02/12/2021 Culture, Science, Education and Media
Over the past year, data collection and processing by using digital public health technologies have been promoted worldwide by governments as well as private companies to mitigate the pandemic, but the ethical and legal frameworks remain unclear to this day and a global debate has emerged around the risks associated with such tools.
“Data has become the oil of the digital era. But the ethical and legal frameworks remain unclear to this day and a global debate has emerged around the risks associated with track and trace applications. Thus, there might be a need for appropriate legislation and policies, including in education, to frame and control a privacy-friendly use of such digital tracking technologies”, said Duncan Baker (United Kingdom, EC/DA) opening a hearing today on ‘Track and trace applications: ethical, cultural, and educational challenges’, organised in Paris as part of the preparation of his report.
Pat Walshe, a data protection consultant on privacy matters in the United Kingdom, recalled that the European Convention of Human Rights protects “the right to establish and develop relationships with other human beings and the outside world, in addition to the separate right to the freedom of movement and association”. Accepting that public health emergencies such as the COVID pandemic may pose a serious threat to the health of the population and provide legitimate grounds for limiting certain rights and freedoms, “it is crucial that exceptions and restrictions on such rights and freedoms must be provided for by law, must be strictly necessary and proportionate for a specified and legitimate purpose, must be time limited, subject to review and evidence-based, and should only be applied when less severe measures are insufficient to safeguard public health threats”.

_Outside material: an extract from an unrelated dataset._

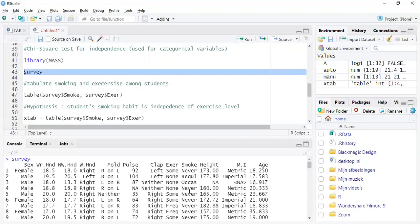And we want to test it at 95% confidence level. That means if p-value is less than 0.05, which is at 95% confidence level, then we will reject the null hypothesis. Otherwise we will accept the null hypothesis.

Elisabeth Ehrensperger, Director of the Swiss Technology Assessment (STA) Foundation in Bern, warned about the lack of transparency in tracking systems based on voice or facial recognition. “Who processes the data and where is it stored? To whom or to which organisations are they transmitted? How can we protect ourselves from it?”, she wondered. And mostly, “how far regulation is needed?” Among the challenges in the medium and long term, she said, are the increase in the imbalance of power between the individual and the State or the company, a further erosion of trust in the State or, in the context of health, more responsibility of the individual for their own health.

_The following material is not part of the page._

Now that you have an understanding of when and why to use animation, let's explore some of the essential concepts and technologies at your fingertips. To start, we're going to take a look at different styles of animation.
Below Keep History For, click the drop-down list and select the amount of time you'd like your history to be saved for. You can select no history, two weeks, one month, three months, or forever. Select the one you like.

“One of the driving forces behind adoption and adherence to the Contact Tracing Applications (CTA) is performance expectation. So, are CTAs doing what they need to do?” said Wolfgang E. Ebbers, Professor at the Erasmus School of Social and Behavioural Sciences in Rotterdam. For this, he said, it is necessary to estimate its impact on health. “But data protection and privacy regulations make it difficult to estimate the impact on public health. Failure to estimate the impact hampers adoption and uptake, which hampers the impact on public health. How to break this vicious circle?”.
The Director of the Norwegian Board of Technology, Tore Tennøe, defined as a “false start” the Smittestopp application, launched by the Norwegian health authorities to collect and store sensitive data about users’ state of infection, location. The application was launched in April 2020, and voluntary downloaded by 1.2 million citizens. But following public and parliamentary debates the app was banned due to privacy concerns. “Science and technology are at the centre of the crisis, and urgent decisions with an uncertain evidence base had to be taken. So, how to include different perspectives, values and priorities?” he concluded.

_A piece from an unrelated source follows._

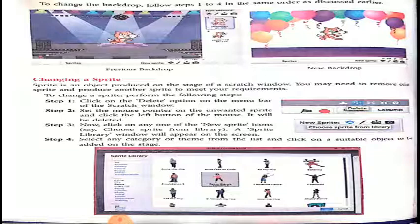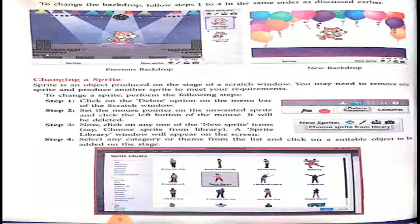Now we will go for the new one. Click on any one of the new sprite icons. A sprite library window will appear on the screen.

When presenting to participants the work of the STA Foundation, Elisabeth Ehrensperger highlighted that track and trace application projects take into account the interests of the population concerned and, through participatory procedures, give the opportunity to citizens - as well as to stakeholders, specialists and politicians - to express themselves. “Because technology must serve people - not the other way around,” she underlined.